27. Oktober 2019
Vor einer Woche hat unser Kaderspieler Vincent Keymer beim Turnier auf der Isle of Man seine dritte Großmeisternorm erzielt und ist mit seinen 14 Jahren nun der jüngste Großmeister, den es in Deutschland je gab. Im ersten Interview danach erzählt er, wie er mit dem großen öffentlichen Interesse an seiner Person umgeht und warum Peter Leko genau der richtige Trainer für ihn ist.
Ganz Schach-Deutschland guckt auf Dich – nicht erst seit Deinem Großmeistertitel. Bekommst Du davon viel mit? Beschäftigt Dich das?

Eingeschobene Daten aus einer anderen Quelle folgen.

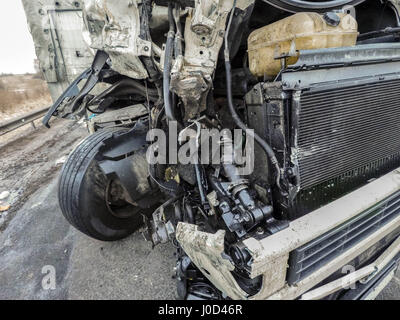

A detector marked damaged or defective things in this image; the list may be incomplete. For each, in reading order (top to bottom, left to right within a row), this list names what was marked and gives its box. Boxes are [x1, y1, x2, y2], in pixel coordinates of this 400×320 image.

crumpled metal panel [82, 0, 149, 79]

Das große Interesse freut mich sehr. Ich denke, dass ich bei weitem nicht alles mitbekomme, was geschrieben wird. Aber natürlich sehe oder lese ich hin und wieder etwas. Es erstaunt mich immer wieder, wie viel Aufmerksamkeit ich mit Schach erreichen kann, wo doch viele sagen, dass Schach in der Öffentlichkeit kaum wahrgenommen wird. Dabei geht es mir ja gar nicht um die Aufmerksamkeit, sondern ich mache Schach, weil es mir wichtig ist und ich große Freude daran habe.

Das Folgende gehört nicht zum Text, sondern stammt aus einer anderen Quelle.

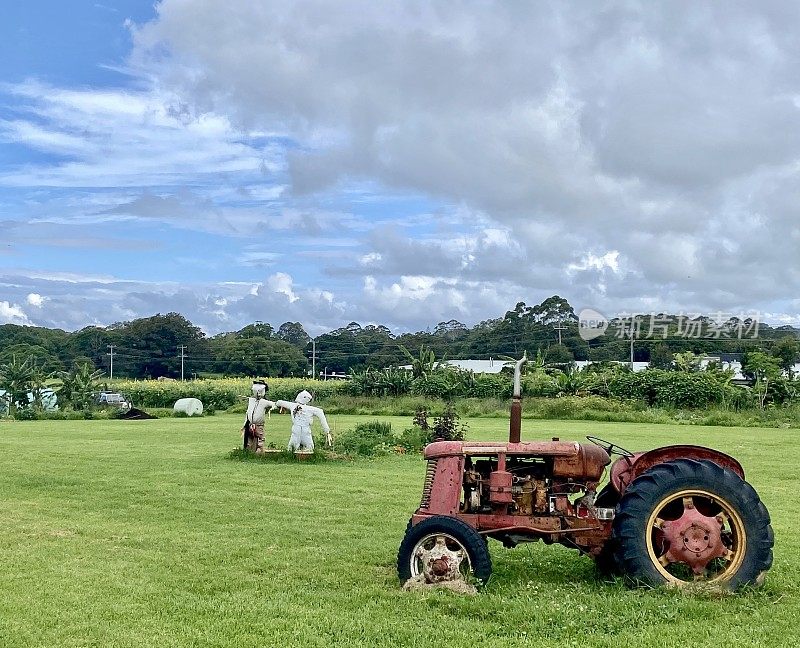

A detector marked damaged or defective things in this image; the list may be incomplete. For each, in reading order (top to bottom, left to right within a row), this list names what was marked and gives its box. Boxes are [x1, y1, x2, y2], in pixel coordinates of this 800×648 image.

Wie sehen Deine Zukunftspläne aus? Wie weit planst Du voraus?
Meine aktuelle Planung reicht nicht mal ein halbes Jahr weit. Dadurch bin ich offen für relativ spontane Entscheidungen was Turniere angeht.

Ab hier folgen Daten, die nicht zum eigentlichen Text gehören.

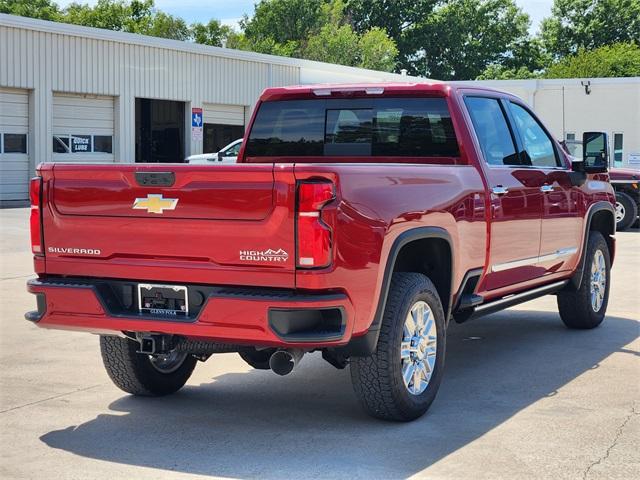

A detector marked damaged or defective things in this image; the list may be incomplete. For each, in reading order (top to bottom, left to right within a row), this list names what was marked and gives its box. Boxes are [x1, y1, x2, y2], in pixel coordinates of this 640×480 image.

concrete pavement crack [0, 382, 103, 412]
concrete pavement crack [584, 404, 636, 478]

Wie sind die Reaktionen Deiner Klassenkameraden auf Deine Erfolge?
Inzwischen bin ich in der Oberstufe und dem Kurssystem angekommen, habe aber zu vielen ehemaligen Klassenkameraden noch guten Kontakt. Gelegentlich werde ich angesprochen, wenn es Medienmeldungen über mich gibt. Ansonsten ist es schon lange Normalität, dass ich öfter in der Schule fehle und mich dann meistens nach einem Turnier nach den Unterrichtsinhalten erkundige.
Man hört, es habe eine Veränderung in Deinem Umfeld gegeben. Worum ging es da?
Ja, es gibt eine kleinere Veränderung in meinem Team. Hans-Walter Schmitt, der für den Kontakt zu meinem Sponsor GRENKE zuständig war, hat im Juni das Team verlassen. Diese Zeit war für mich unruhig und anstrengend. Ich hoffe, dass jetzt wieder Ruhe einkehrt und die Situation stabil bleibt.
Wie ist Dein Verhältnis zu Deinem Trainer Peter Leko? Meinst Du, es könnte irgendwann der Punkt kommen, an dem er Dir nichts mehr beibringen kann?
Das kann ich mir gar nicht vorstellen. Peter hat ein so unglaublich großes Wissen über Schach und Erfahrung in allen Arten von Turnieren. Egal ob WM-Kampf, Kandidatenturnier oder auch Sekundant in diesen Turnieren: Peter war Vize-Weltmeister und hat alles selbst erlebt. Welcher Spieler könnte nicht davon lernen? Es ist toll, mit ihm zu arbeiten, von diesem Wissen zu profitieren. Er bleibt immer positiv und es ist super, mit ihm tagelang in die Schachwelt einzutauchen.
Wie kann man sich den Umgang zwischen den Spielern bei einem großen Turnier vorstellen, vor allem zwischen den „gestandenen“ Spielern wie Carlsen, Caruana und Co und den Nachwuchsspielern?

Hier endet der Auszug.